Astarion finds himself nodding his head almost unconsciously. He should be embarrassed, should demur, should be more coquettish, but the idea of Tav in his tent, so close has him unwilling to mince words. If he still had blood pumping through his veins, he’d flush. He turns away, busying himself by pouring Tav a drink.

“Do tell, my treat.” Astarion says, handing her a glass. She takes it gratefully, taking a swig before she continues.

“He showed me a magic trick.” Tav says, taking another sip. “It was cool, until he- I…didn’t know he felt that way about me.”

Astarion feels his blood boil. He wants to rip Gale’s throat out, he wants to bash his head in and keep bashing until-

“I don’t feel that way, for the record.” Tav replies, and her face flushes with delicious blood at that.

He composes himself, at that, straightens his back. “Oh? Do tell, my dear.”

Another laugh, this one softer, kinder. “Let’s just say if I were to…want someone, they’d be strong like a panther, with…piercing red eyes and white hair.”

Astarion isn’t used to such honesty, not from his marks. He’s used to coy looks and coquettish smiles, of double entendres that eventually devolve into a teasing mess. When faced with honesty, Astarion’s first instinct is to run far, far away from where these emotions could hurt him. It scares him, this honesty. But nothing worth fighting for doesn’t scare him.

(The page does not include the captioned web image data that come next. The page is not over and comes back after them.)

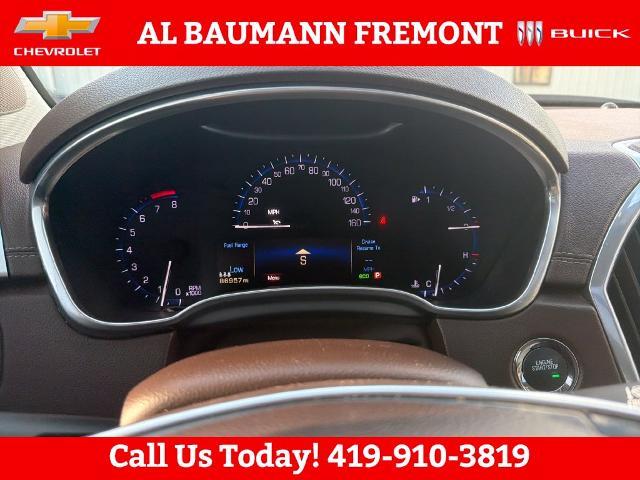2013 Cadillac SRX - $12,140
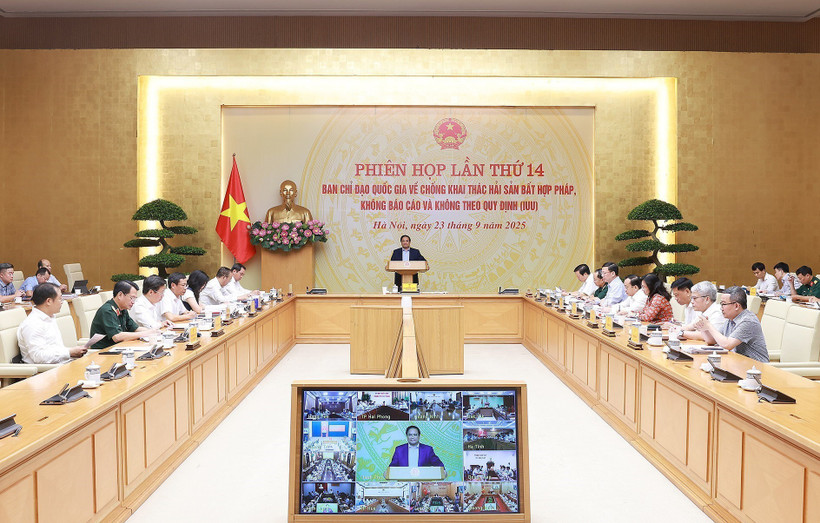 Panorama de la cita (Foto: VNA)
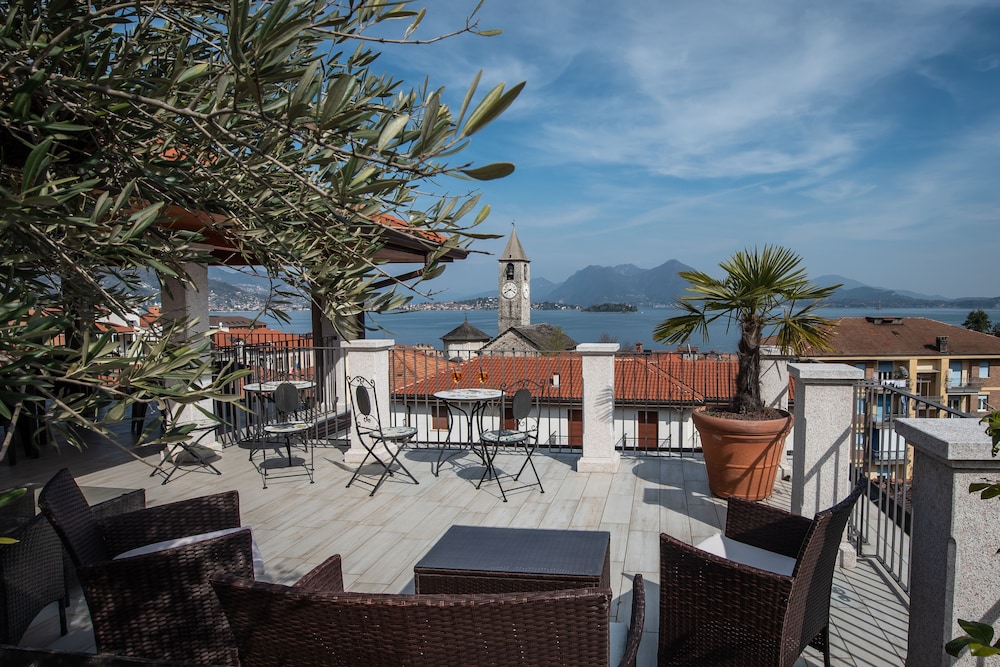 

Milano - Lago Maggiore, Laghi Italia - Hotel Rosa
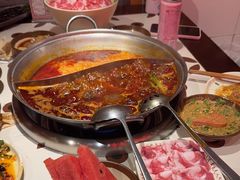 -江北北火锅馆·公路夜市(魏公村店)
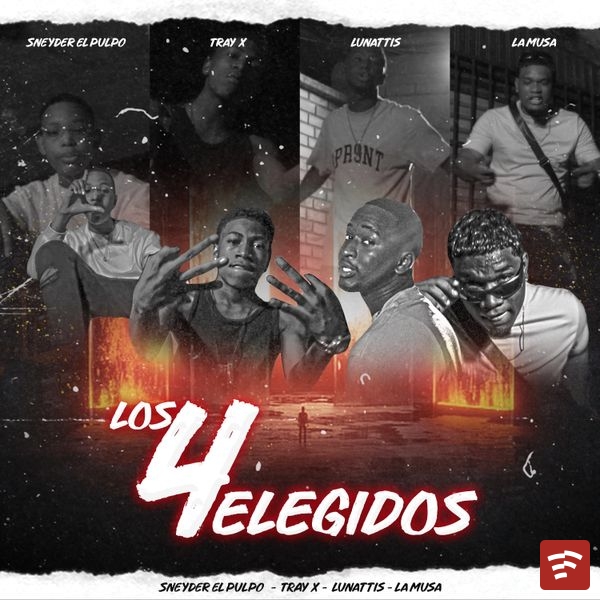 Los 4 Elegidos Mp3 Download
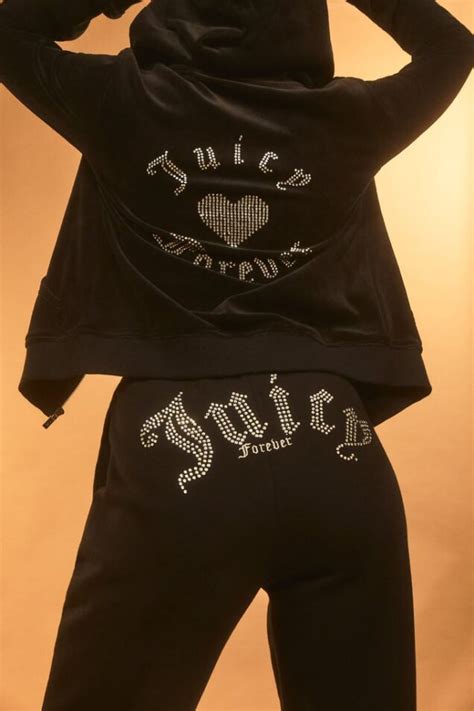 Juicy Couture And Forever 21 Team Up For Y2k Fashion Inspired Collection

He doesn’t answer fast enough. Tav clears her throat, breaking the gaze. “Astarion, if this is too much for you, I get it. We don’t have to do anything-“

“I can’t promise you anything.” Astarion says, just because he can’t bear the thought of Tav thinking he doesn’t reciprocate. “But if you want…this, I do too.”

Tav smiles, and it’s so entirely breathtaking that Astarion knows he’ll always want to coax more out of her. She takes his hands in hers and tilts his chin so they’re eye to eye.

“I’ll always want you, Astarion.”

Later, when he’s in bed, contemplating Tav and his future, he’ll reminisce. He isn’t a dog. He’s never been. He’s a person, and he always has been.